Our Commitment at the Rio+20 Earth Summit
Anticipating that such a framework will emerge, and noting that no methodology yet exists to adequately report or account for natural capital in the global financial system, we the endorsing financial institutions wish to demonstrate leadership by undertaking to collaborate globally through working groups and engagement with our customers, investee companies, suppliers, civil society, and other stakeholders as appropriate to:
- Build an understanding of the impacts and dependencies of natural capital relevant to our operations, risk profiles, customer portfolios, supply chains and business opportunities;
- Support the development of methodologies that can integrate natural capital considerations into the decision making process of all financial products and services – including in loans, investments and insurance policies.
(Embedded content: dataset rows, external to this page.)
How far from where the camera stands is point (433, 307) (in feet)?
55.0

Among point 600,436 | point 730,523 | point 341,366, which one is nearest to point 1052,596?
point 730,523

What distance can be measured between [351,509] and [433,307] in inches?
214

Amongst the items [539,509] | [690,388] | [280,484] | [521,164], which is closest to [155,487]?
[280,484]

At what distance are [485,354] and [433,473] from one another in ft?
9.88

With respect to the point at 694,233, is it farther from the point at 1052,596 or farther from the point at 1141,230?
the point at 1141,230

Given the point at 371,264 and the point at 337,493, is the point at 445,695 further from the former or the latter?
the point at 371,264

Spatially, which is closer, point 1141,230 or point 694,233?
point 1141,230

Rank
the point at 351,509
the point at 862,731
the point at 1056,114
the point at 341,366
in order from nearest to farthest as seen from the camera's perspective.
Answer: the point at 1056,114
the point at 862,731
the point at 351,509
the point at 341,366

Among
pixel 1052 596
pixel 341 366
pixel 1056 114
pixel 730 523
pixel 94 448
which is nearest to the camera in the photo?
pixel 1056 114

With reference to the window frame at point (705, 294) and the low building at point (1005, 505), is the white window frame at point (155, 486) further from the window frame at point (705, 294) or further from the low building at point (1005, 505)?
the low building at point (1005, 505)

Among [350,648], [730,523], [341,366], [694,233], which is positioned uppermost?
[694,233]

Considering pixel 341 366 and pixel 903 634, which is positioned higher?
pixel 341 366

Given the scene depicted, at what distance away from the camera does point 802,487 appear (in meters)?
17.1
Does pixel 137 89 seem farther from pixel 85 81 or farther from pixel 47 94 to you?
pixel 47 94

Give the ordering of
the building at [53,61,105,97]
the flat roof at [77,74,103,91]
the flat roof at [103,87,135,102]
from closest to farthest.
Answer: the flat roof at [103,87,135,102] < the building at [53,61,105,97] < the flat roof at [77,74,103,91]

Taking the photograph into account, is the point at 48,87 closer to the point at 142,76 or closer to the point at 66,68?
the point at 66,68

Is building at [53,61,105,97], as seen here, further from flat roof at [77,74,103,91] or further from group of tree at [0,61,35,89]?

We recognise that given the diversity of the financial sector, embedding natural capital considerations will differ across asset classes and types of financial institutions. We therefore aim to build on work undertaken through other initiatives, such as the UN-backed Principles for Responsible Investment, the Equator Principles, the United Nations Environment Programme Finance Initiative (UNEP FI) Principles for Sustainable Insurance, and The Economics of Ecosystems and Biodiversity (TEEB), so that we can develop methodologies to:
- Apply a holistic approach to evaluating bonds and equities through the integration of natural capital considerations in environmental, social and governance (ESG) risk analysis in short, medium and longterm growth forecasts of investee companies;
- Systematically consider and value natural capital in the credit policies of specific sectors, including commodities, that may have a major impact on natural capital either directly or through the supply chain; Systematically consider and value natural capital in core insurance business strategies and operations including risk management, risk underwriting, product and service development, claims management, sales and marketing, and investment management
- Work towards building a global consensus for the integration of natural capital into private sector accounting and decisionmaking; supporting, when appropriate, the related work of the TEEB for Business Coalition, and other stakeholders.
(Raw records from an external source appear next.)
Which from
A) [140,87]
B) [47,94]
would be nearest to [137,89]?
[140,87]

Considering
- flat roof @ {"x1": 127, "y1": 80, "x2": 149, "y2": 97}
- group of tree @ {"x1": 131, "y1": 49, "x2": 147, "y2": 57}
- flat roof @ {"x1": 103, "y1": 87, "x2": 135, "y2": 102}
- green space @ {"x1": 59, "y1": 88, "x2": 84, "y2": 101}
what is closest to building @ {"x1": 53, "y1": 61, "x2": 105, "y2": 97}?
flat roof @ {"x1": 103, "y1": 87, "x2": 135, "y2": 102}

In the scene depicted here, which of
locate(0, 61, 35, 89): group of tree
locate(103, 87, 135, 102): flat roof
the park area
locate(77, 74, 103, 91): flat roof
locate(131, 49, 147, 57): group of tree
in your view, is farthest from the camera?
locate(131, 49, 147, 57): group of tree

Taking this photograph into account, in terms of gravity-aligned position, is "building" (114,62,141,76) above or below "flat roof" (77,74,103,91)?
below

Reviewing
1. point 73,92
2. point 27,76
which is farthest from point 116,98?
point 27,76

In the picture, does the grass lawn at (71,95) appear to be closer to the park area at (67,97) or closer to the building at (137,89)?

- Collaborate, when appropriate, with the International Integrated Reporting Committee and other stakeholders to build a global consensus around the development of Integrated Reporting, which includes natural capital as part of the wider definition of resources and relationships key to an organization’s success.
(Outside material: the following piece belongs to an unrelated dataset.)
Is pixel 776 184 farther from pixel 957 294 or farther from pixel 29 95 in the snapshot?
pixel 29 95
By endorsement of this declaration, we wish to demonstrate our commitment to the eventual integration of natural capital considerations into private sector reporting, accounting and decision-making, with standardization of measurement and disclosure of natural capital use by the private sector.
Footnotes ^ The Natural Capital Declaration was launched at the United Nations ‘Rio+20’ Earth Summit in 2012. Financial institutions continue to endorse it, and can also now engage in the Phase II process of implementing the Declaration’s commitments through the “NCD Roadmap”.